Hey everyone. Welcome back and happy Monday.
Before we get to the news, I want to say a word about Senator Lindsey Graham, who suddenly passed away Saturday night. It’s no secret that Lindsey and I didn’t end on good terms. But there was a time we were close. We served together, we traveled overseas together, and I watched him sit down with refugee kids in Syria and actually listen to them. Not for the cameras. Because he wanted to hear it. The last few years pulled us apart, and by the end we weren’t speaking. But the Lindsey I’m choosing to remember is the earlier one. A guy who believed America should show up in the world, and who went to see the hard stuff for himself. My heart goes out to his family and everyone who loved him.

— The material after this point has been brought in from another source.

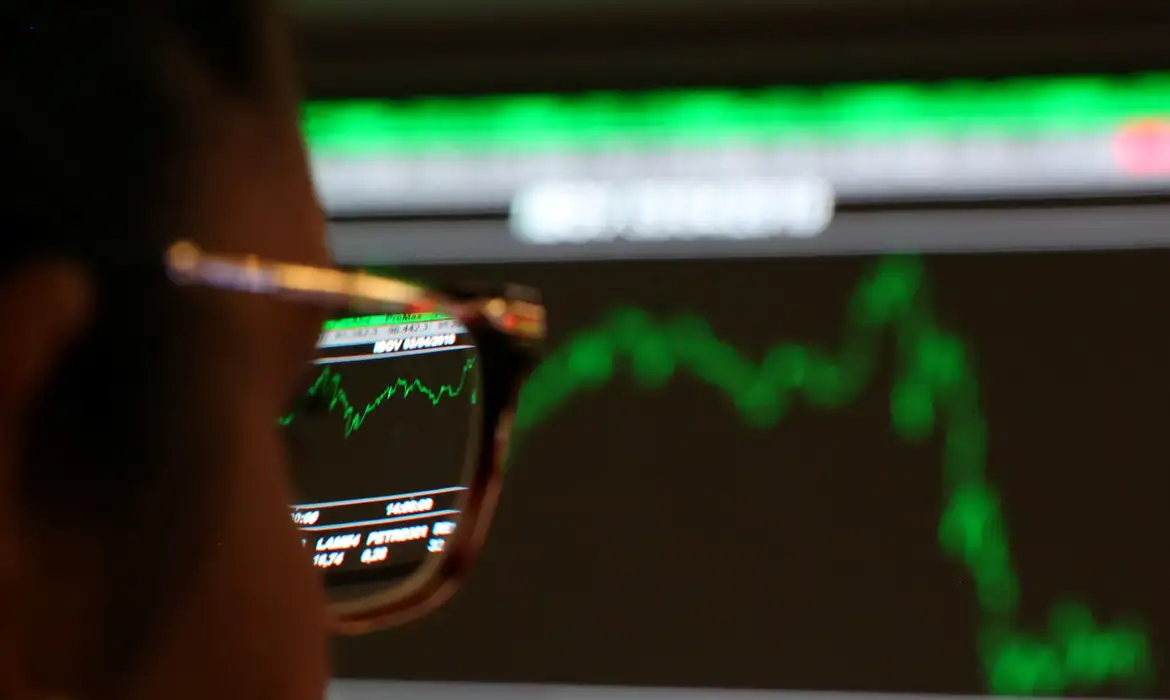 Bolsa volta a bater recorde com redução de tensões externas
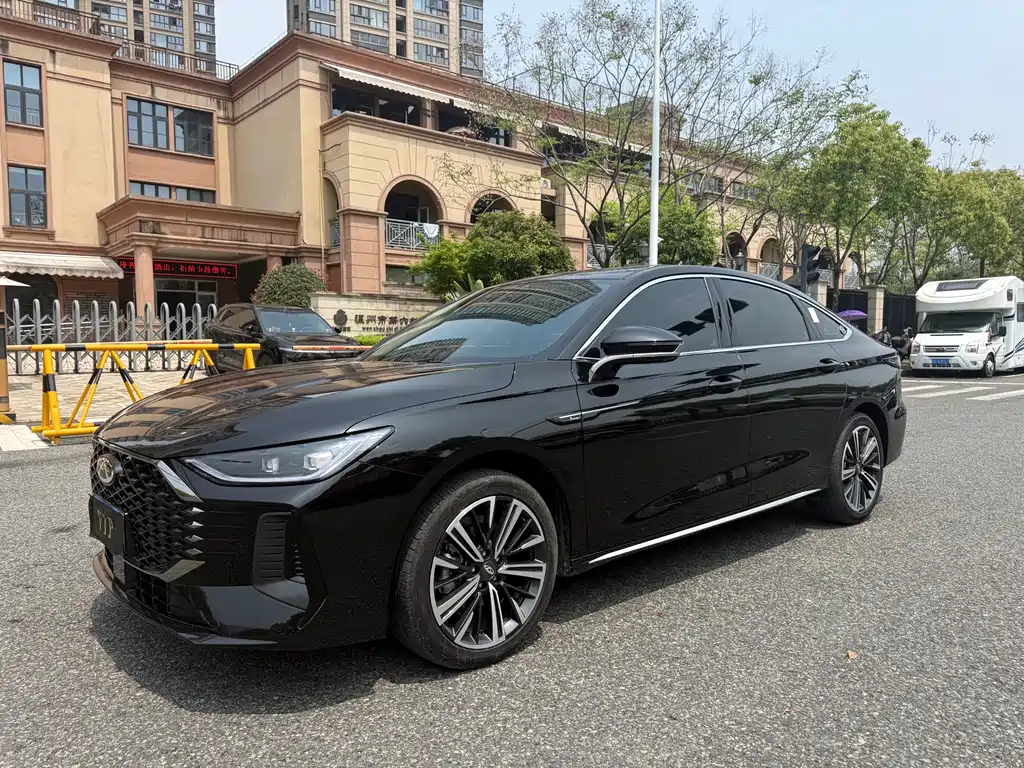 Chery Arrizo 8 PRO 2025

Our top story today gets into how the President chose to mark Lindsey’s death. Because within hours, Donald Trump was on TV turning his supposed friend’s passing into a sales pitch for his voting bill. And that tells you a lot about how this White House actually sees the people around it, even in death.
We’ll also get into the subpoena of reporters over the new Air Force One story, Tehran declaring the Strait of Hormuz closed, a judge throwing out a sedition case from January 6th, and two FBI analysts getting fired for refusing to chase Trump’s 2020 conspiracy in Georgia.
Do me a favor. Like this video, share it with someone who needs to see it, and subscribe so you never miss an episode.
Let’s get to it.
1. Trump Mourns Graham by Pushing the SAVE Act
As we all know by now, Lindsey Graham passed away Saturday night, just hours after flying home from Ukraine.
On Sunday, Trump called into Meet the Press to talk about him. And it did not take long for the tribute to turn into a classic self-obsessed moment. Here’s the president:
The SAVE America Act is the President’s personal voting bill that would require proof of citizenship to register and a photo ID to vote in federal elections. It passed the House last year and has been stuck in the Senate ever since. Trump has been obsessed with it for months.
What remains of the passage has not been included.